Впрочем, одно общее можно было бы отметить: поголовно всех радовало, что хлеба добрые, просто замечательные; урожай, наверное, будет богатый, ну и слава богу, быть стране с хлебом. А то ведь за небольшую паляницу на станциях вон сколько запрашивают! Дерут здорово, черт бы их побрал, спекулянтов. А разве сравнишь то, что есть у здешних, с тем, что там, в Центральной России? Вот и надо запастись все-таки; переплачиваешь, да уж ладно, ведь дальше хлеба уже не купишь и за деньги.
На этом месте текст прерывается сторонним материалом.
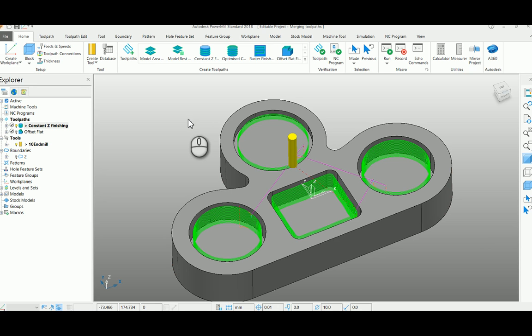Hi, in this video we are going to see how to merge two toolpaths of similar tools.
Только по карточкам, и то по четвертушке дают.
И еще — тоже общее для всех: опасались люди налета на поезд какой-нибудь банды, а вокруг тут банд всяких множество. Недалеко знаменитое Гуляй-Поле, становище армии батьки Махно, а что за армия? Одно название. Банда просто, хотя и многочисленная, со своими орудиями и пулеметами на тачанках, — сладу нет с ней. Страшным разбоем, грабежами и кровавыми погромами — вот чем славились махновцы. На словах их главарь выступал за «самостийность», за «вильну Украину», а творил самые черные дела; как только мог мешал борьбе Красной Армии с белыми, а на митингах истово клялся своим анархистским богом, что ничего общего с ними не имеет.
Махно твердил, что это не его хлопцы налетают на поезда, проходящие по единственной железной дороге из Таврии на Харьков и дальше, в Россию, но грабители, очищавшие карманы и увозившие пожитки пассажиров, смахивали явно на хлопцев батьки, и не столько потому их узнавали, что те же чубы, те же пулеметные ленты на груди крест-накрест, те же высокие шапки и широкие штаны; узнавали по особой разнузданности, разгульному поведению махновских вояк, которым, видно, все нипочем стало из-за безнаказанности, полнейшей невозможности у властей охранять все поезда на всем пути по Таврии и Украине. Днем многие из этих вояк для виду трудились у себя по хозяйству, работали в поле или на огородах, а ночью садились в свои телеги или тачанки и страшным криком и выстрелами останавливали поезда. И начинался грабеж, порой с убийствами.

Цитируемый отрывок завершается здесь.